In the Heart of the World is set in the neighbourhood of Contagem, situated close to the beach city of Belo Horizonte, the area where the film-making duo comes from and based their earlier short films (‘Contagem’ and ‘Dona Sonia Borrowed a Gun from her Neighbor Alcides‘). With the mixed cast of amateur and professional actors and blazing cinematography, Gabriel and Maurilio move between dramatic naturalism and genre narrative, although their street-level study is much more intriguing than the crime genre preoccupations.

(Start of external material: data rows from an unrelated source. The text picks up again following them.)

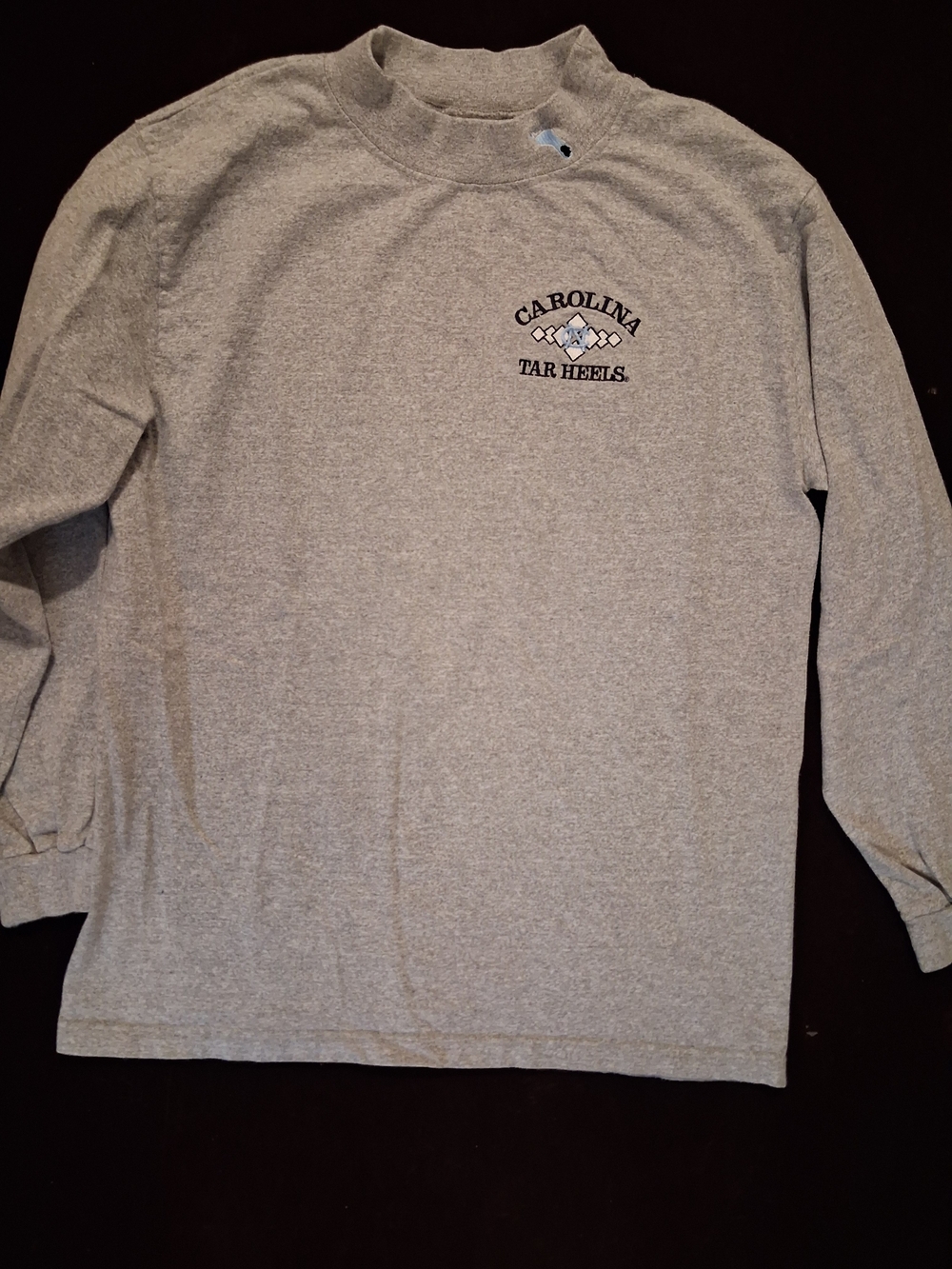 Vintage Carolina Tar Heels Gray Long Sleeve Tee..made In Usa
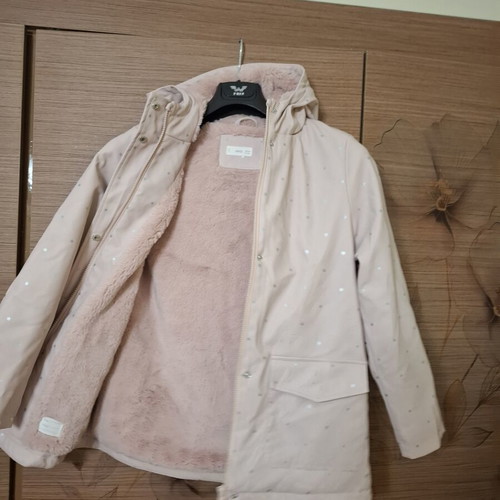 Mango girls' jacket like new, pink with fur lining and stars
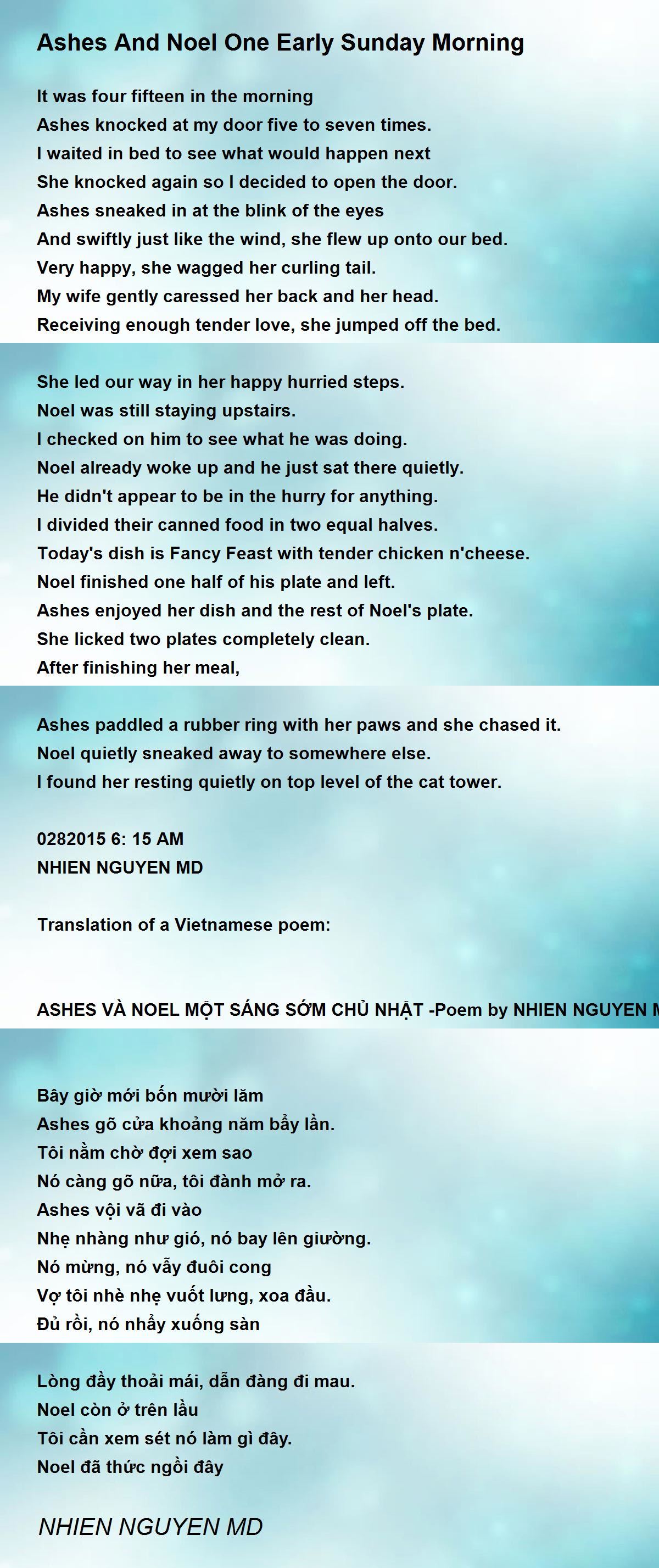 Ashes And Noel One Early Sunday Morning Ashes And Noel One Early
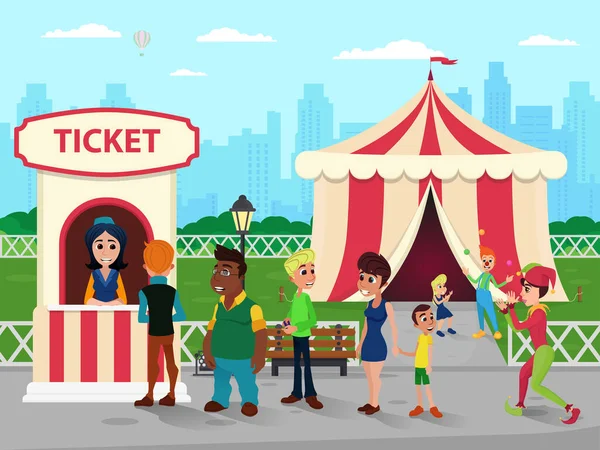 Ticket Booth bij Circus, Verkoper en Mensen in de rij — Stockvector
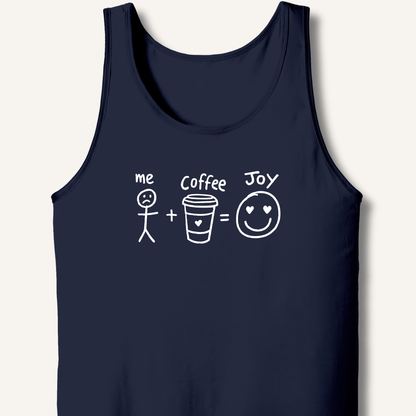 Tank Top XS / Navy Me + Coffee = Joy Tank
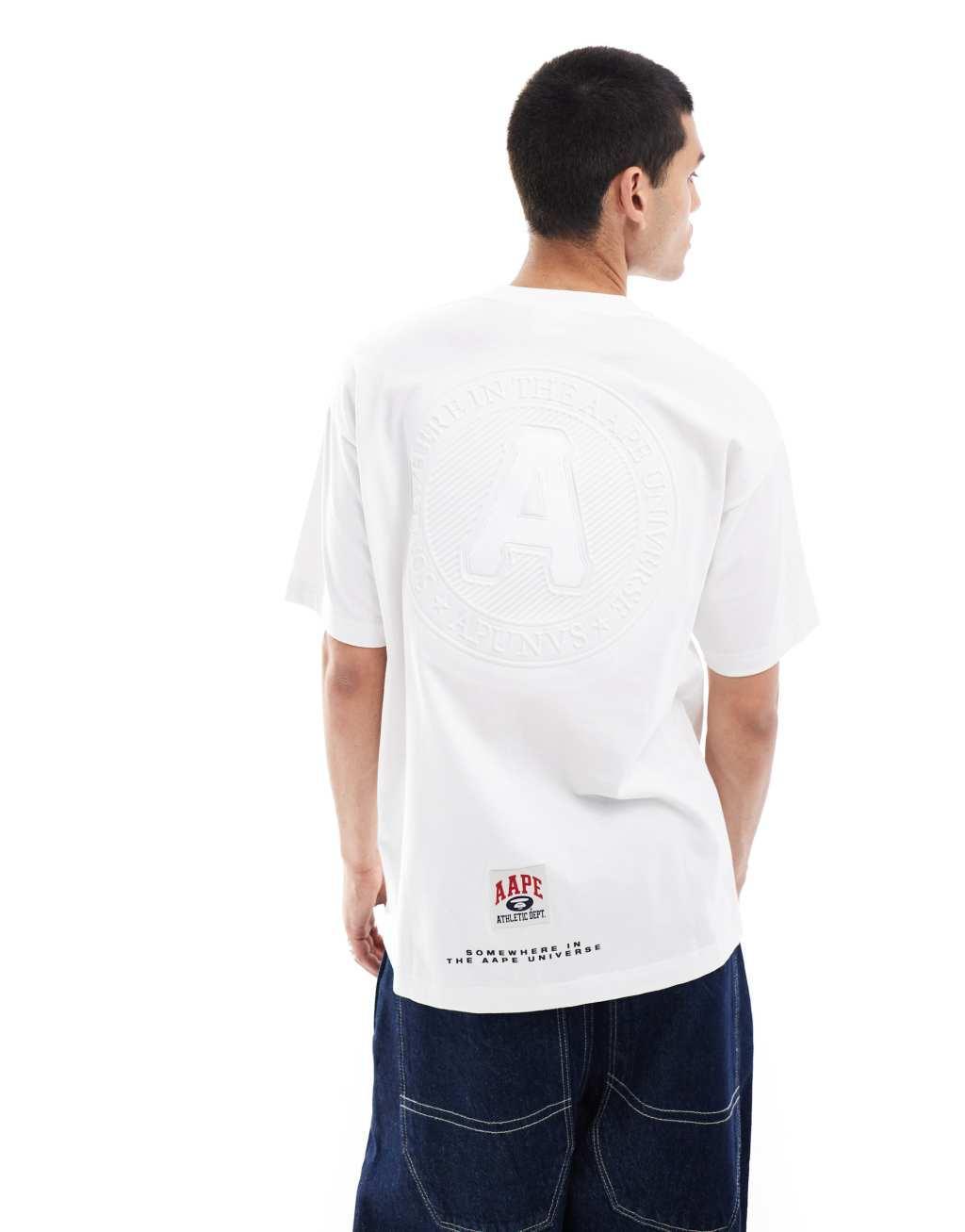 Aape by A Bathing Ape embossed logo t-shirt in white Product Image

The film opens at the neighbourhood square, where Marcos (Leo Pyrata) celebrates his birthday with his girlfriend Ana (Kelly Crifer). The sense of intimacy shared between the lovers is cut short by a distant gunshot. An enraged Marcos reprimands the slacker Beto for botching up the hit job. He advises Beto to flee from the city, who approaches his store-manager elder brother Miro for some money to flee. Beto interrupts Miro’s secret love-making session with Rose (Barbara Colen), a married woman who toils in her hair salon and also wants to become an Uber driver. Marcos lives with his teenage sister and deeply religious mother, the later perpetually disapproves Marcos’ indolent nature. He temporarily teams with an enterprising middle-aged single mother, Selma (Grace Passo) to works as a school photographer.
If all these characters feel like they are stuck and want to go that ‘next place’, Ana’s life is actually on the move; but in a very literal manner. She works as a bus conductor, travelling back and forth, without really moving forward. At home, she takes care of her senile father. Crime, of course, hovers over the neighbourhood and becomes an essential strategy for survival when all else fails. Moreover, crime creates contradiction and irony as we see a mother fondly talks with her child on her mobile, while methodically loading a gun. Selma comes up with a plan to commit burglary in an upscale gated-community which Marcos instantly approves. However, the heist job becomes a test of Marcos relationship with Ana since he is forced to recruit her.
Directors Gabriel and Maurilio have primarily conceived the feature as an impassioned neighbourhood symphony, showing that the place is full of intriguing, complex character as opposed to (incorrectly) generalizing it as the den of criminals. The cinematography (by Leonardo Feliciano) gracefully attunes to the details of everyday life and vibrantly captures the district (the ingenious use of soundtrack also adds to the movie’s tone). The film-makers’ take their time setting up the scenes, attempting to offer a perspicacious look at the place and its inhabitants; for instance, the moment Selma waxes poetic about her hopes as the camera gradually zooms out. The glacial pace also helps capture the camaraderie (or the lack thereof) between the characters.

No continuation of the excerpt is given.